Jeffreys Bay, South Africa

Photo: Chris Bloom via flickr

It’s a good morning for beginners. Surfers, that is. The sun will help the temperature rise into the 70s. The water temperature is less than 10 degrees behind that. The wind is coming offshore from the east. Waves are only a few feet high. Experts certainly wouldn’t be impressed, but they’re a good size for those who need to practice. So pull on your wetsuit and grab your board. It’s time to go for a ride.

Jeffreys Bay is one of the most famous surfing destinations in the world. It lies along South Africa’s Eastern Cape and Sunshine Coast. Port Elizabeth, a popular beach town, is only 45 miles to the northeast. It overlooks the Indian Ocean, where dolphins and southern right whales live. White-sand beaches, dotted with tons of seashells, and aloe-filled dunes line the coast. Red-tiled and thatched roofs fill the center of town. While the vibe, like most surfing meccas, is laid-back and super-friendly.

That vibe started in the 1960s when the sleepy fishing village became a hippie hangout. Those who surfed quickly discovered a consistent, long, fast point break on the west side of the bay. It’s now considered one of the best right-hand breaks in the world. Pros come to test the Supertubes (the best part of the wave). Plus the World Surf League holds competitions here each winter.

Photo: Shaloha Guest House

Winter is still a few months away, though. Waves, which will eventually reach nearly 20 feet, are usually between two-and-a-half and five feet (low tide versus high tide) right now. They’re the perfect size for someone who no longer needs an instructor but is still gaining confidence in the water. JBay Surf Village, a group of surf shops, will help point you in the right direction. Casual seafood restaurants surround them.
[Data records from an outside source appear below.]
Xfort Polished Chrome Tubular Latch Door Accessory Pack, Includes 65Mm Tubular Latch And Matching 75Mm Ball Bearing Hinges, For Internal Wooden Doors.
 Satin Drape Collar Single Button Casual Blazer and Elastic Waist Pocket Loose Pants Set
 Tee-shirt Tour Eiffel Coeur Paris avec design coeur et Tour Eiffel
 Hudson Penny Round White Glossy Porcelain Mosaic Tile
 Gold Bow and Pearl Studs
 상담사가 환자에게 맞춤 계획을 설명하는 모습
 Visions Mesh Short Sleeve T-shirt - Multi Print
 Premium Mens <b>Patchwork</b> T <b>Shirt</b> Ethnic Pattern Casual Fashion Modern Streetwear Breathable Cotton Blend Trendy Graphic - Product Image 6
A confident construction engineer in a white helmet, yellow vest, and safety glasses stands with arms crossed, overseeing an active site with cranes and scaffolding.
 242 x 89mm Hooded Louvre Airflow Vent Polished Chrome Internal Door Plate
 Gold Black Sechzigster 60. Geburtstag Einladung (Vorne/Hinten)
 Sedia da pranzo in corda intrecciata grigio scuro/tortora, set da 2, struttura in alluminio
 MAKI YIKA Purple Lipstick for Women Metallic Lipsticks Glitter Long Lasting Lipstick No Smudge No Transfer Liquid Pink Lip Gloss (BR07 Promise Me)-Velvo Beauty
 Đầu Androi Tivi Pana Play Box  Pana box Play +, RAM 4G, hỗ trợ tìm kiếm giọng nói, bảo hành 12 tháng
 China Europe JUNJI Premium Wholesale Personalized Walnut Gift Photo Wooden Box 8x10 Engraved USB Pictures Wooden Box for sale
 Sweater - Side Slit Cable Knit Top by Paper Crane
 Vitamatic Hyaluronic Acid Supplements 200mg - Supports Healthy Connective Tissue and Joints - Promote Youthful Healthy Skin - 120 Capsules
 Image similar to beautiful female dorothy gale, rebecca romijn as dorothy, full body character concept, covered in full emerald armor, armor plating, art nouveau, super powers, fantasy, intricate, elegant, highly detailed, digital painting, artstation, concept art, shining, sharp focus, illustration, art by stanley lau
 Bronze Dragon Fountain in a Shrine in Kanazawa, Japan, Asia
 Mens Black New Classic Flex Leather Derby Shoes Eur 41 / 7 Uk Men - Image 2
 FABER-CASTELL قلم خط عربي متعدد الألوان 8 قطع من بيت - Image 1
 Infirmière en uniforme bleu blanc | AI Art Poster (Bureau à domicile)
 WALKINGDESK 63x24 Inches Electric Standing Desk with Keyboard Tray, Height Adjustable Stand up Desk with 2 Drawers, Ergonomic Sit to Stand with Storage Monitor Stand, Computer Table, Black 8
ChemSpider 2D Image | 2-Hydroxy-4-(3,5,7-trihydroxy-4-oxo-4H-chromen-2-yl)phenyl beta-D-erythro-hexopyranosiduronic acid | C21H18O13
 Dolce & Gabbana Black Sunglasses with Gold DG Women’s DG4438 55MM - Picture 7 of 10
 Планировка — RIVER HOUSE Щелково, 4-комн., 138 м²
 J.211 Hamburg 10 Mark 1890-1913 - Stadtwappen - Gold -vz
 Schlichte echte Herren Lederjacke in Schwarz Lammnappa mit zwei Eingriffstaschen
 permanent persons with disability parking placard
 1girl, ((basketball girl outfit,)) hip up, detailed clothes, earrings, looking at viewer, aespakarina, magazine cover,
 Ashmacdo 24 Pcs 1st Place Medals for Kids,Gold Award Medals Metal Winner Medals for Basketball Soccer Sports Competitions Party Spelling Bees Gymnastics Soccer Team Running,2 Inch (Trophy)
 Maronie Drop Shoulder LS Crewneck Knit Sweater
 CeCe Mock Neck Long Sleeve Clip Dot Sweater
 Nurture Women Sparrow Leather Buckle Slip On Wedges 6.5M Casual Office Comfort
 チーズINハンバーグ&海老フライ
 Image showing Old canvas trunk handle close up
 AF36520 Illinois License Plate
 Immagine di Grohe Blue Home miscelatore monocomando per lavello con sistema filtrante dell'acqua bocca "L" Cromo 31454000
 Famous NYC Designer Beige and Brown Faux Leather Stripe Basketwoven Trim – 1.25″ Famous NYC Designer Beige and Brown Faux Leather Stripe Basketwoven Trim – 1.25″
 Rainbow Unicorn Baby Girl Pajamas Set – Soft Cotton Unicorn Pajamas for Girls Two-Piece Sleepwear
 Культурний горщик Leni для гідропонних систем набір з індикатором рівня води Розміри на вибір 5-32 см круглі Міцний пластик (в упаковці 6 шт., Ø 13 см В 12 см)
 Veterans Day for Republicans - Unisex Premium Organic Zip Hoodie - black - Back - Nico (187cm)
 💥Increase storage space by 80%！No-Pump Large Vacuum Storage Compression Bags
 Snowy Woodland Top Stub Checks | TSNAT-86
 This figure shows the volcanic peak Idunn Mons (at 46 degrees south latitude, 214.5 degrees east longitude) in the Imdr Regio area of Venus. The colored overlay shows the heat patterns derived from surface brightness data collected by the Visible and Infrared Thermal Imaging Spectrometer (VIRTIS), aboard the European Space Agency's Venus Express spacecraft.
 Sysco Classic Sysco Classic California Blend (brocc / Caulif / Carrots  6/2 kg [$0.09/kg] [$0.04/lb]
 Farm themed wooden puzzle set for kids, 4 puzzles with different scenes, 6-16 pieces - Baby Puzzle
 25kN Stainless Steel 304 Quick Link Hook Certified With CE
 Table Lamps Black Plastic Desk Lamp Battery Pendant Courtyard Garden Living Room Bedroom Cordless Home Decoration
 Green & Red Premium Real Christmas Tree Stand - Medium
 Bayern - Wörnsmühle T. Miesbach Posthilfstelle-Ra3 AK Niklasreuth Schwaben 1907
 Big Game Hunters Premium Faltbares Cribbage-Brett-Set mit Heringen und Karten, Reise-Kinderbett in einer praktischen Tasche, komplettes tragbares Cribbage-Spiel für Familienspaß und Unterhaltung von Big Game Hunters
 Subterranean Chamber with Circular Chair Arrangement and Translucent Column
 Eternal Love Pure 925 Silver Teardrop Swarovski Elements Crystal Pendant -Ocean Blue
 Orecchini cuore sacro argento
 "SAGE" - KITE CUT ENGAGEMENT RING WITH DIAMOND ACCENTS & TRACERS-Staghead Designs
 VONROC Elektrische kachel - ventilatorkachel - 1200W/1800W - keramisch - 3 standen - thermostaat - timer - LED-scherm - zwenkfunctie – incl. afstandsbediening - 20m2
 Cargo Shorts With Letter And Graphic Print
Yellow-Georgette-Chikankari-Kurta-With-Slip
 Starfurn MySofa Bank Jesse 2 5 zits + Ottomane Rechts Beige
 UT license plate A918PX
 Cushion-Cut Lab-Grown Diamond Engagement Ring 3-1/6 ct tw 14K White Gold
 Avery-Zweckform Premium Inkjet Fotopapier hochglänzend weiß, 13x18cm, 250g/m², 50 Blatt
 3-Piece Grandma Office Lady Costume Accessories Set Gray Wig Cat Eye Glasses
The only other thing you need is a cozy place to stay.

Shaloha Guesthouse sits right on the beach. The immaculate house has only five rooms. They all have sea or garden views. You like the White Milkweed Suite for its gas fireplace and freestanding bathtub, and the Seascape Suite for its private beach access. The common areas—a library, a dining room, two kitchens, three lounges—make the airy space feel even bigger. Terraces line the front of the house. They have a barbecue area, a braai fire, and sun loungers on them. You also have an uninterrupted view of the famous Supertubes. Pretty soon, you’ll no longer be able to call yourself a beginner, by the sounds of it.